Selanjutnya Selasa (2/12/2020) pada Sidang lanjutan dengan Agenda Putusan Sela, dihadiri Hakim Ketua Wari Juniarti, SH.,MH didampingi Hakim Anggota Ikrarniekha El. Fayu, SH.,MH dan Drs. Gustap PM Marpaung. SH, panitera pengganti Hanna Margaretha Fenat, SH serta Penasehat Hukum Terdakwa E. Nita Juwita SH.,MH.

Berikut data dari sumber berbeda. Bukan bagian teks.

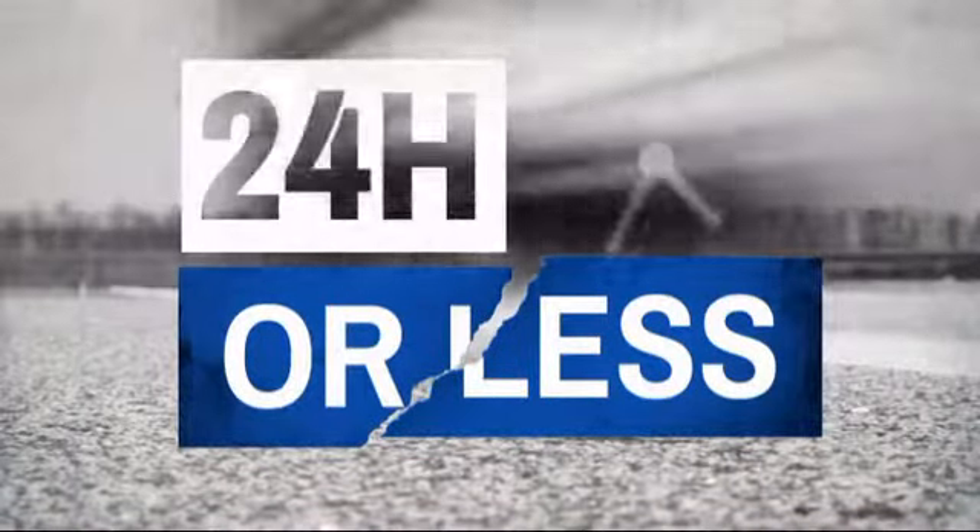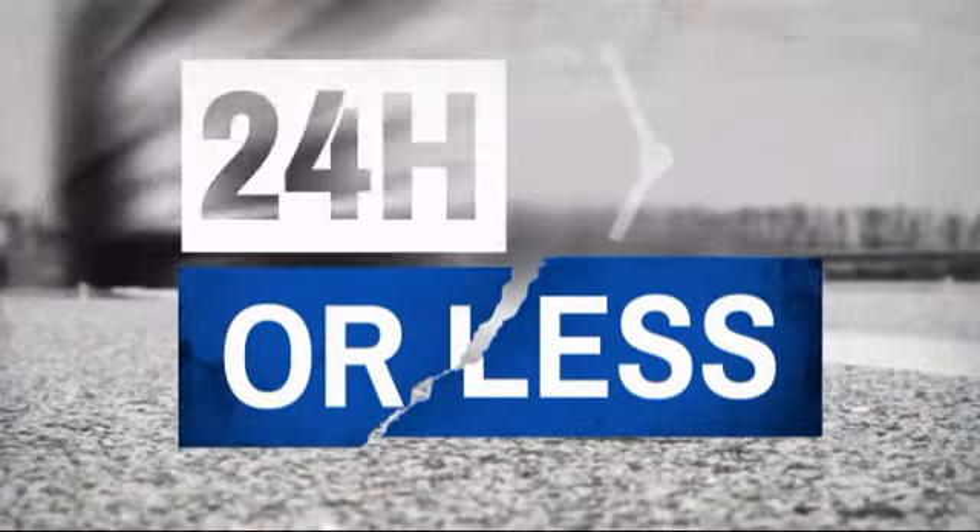Get it fast. Most orders ship within 24 hours or less, and we also offer expedited shipping options. Have questions? Call, chat with, or email our equipment experts and get all the answers.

Dalam keputusan, Hakim mengabulkan eksepsi dari Penasihat Hukum Terdakwa, dan yang menjadi pertimbangan hakim Bahwa ketidakcermatan, ketidakjelasan dan ketidaklengkapan Surat Dakwaan Penuntut Umum, di mana terdakwa sebagai terdakwa tunggal dengan tidak menerapkan Pasal 55 ayat (1) ke-1 KUHP sebagai salah satu dari ketentuan hukum yang harus didakwakan kepada terdakwa, sehingga dakwaan Penuntut Umum tidak cermat, tidak jelas dan lengkap apa peranan dari terdakwa tersebut.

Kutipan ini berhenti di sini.